Shares of Straight Path Communications Inc. (NYSEMKT:STRP) soared 436.1% in 2017, according to data from S&P Global Market Intelligence, after an intriguing bidding war ended with the wireless spectrum company's agreeing to let Verizon Communications (NYSE:VZ) acquire it.
More specifically, on May 11, 2017, Verizon agreed to pay $184 per share for Straight Path, representing an enterprise value of approximately $3.1 billion.
That's not to say it was a straight line to the top for Straight Path investors. Rather, Straight Path kicked off its remarkable year with more than a 30% single-day pop in mid-January, after it announced it had settled in a previously announced FCC investigation into whether certain of its spectrum assets were renewed under questionable circumstances.
According to the terms of that settlement, Straight Path agreed to pay a $15 million civil penalty and surrender 93 of its 828 total 39 GHz spectrum licenses to the FCC. Straight Path also agreed to sell its remaining 39 GHz and 28 GHz licenses within one year, lest it pay an even larger penalty or surrender those licenses to the FCC.
As it turns out, telecom giants were quick to pounce on those assets, which are expected to play a key role enabling the ongoing rollouts of their respective 5G networks.
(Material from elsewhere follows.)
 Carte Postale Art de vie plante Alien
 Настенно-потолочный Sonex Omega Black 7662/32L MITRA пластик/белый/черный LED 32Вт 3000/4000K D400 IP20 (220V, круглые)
In April, Straight Path shares jumped 150% in a single day, after the company initially agreed to let AT&T (NYSE:T) acquire it for $95.63 per share, or an enterprise value of $1.6 billion.
But shortly thereafter, an unnamed competitor -- which we now know was Verizon -- stepped in to repeatedly drive up that price with its own superior bids. In the market's subsequent frenzy, however, investors at one point had bid Straight Path stock to over $235 per share on the hope that the bidding war would persist.
Alas, Verizon's $184-per-share offer is final, which is why Straight Path has hovered just below that level since the deal was struck in May. And don't feel too bad for AT&T; Verizon agreed to pay it a $38 million termination fee on behalf of Straight Path per the terms of the now-broken agreement.
As for anyone still holding on to their Straight Path shares today, the acquisition -- which will be done as an all-stock, tax-free reorganization -- was expected to be completed within nine months of the May agreement, pending an FCC review. Barring any hiccups in that review, that means we should see it close between now and the middle of March.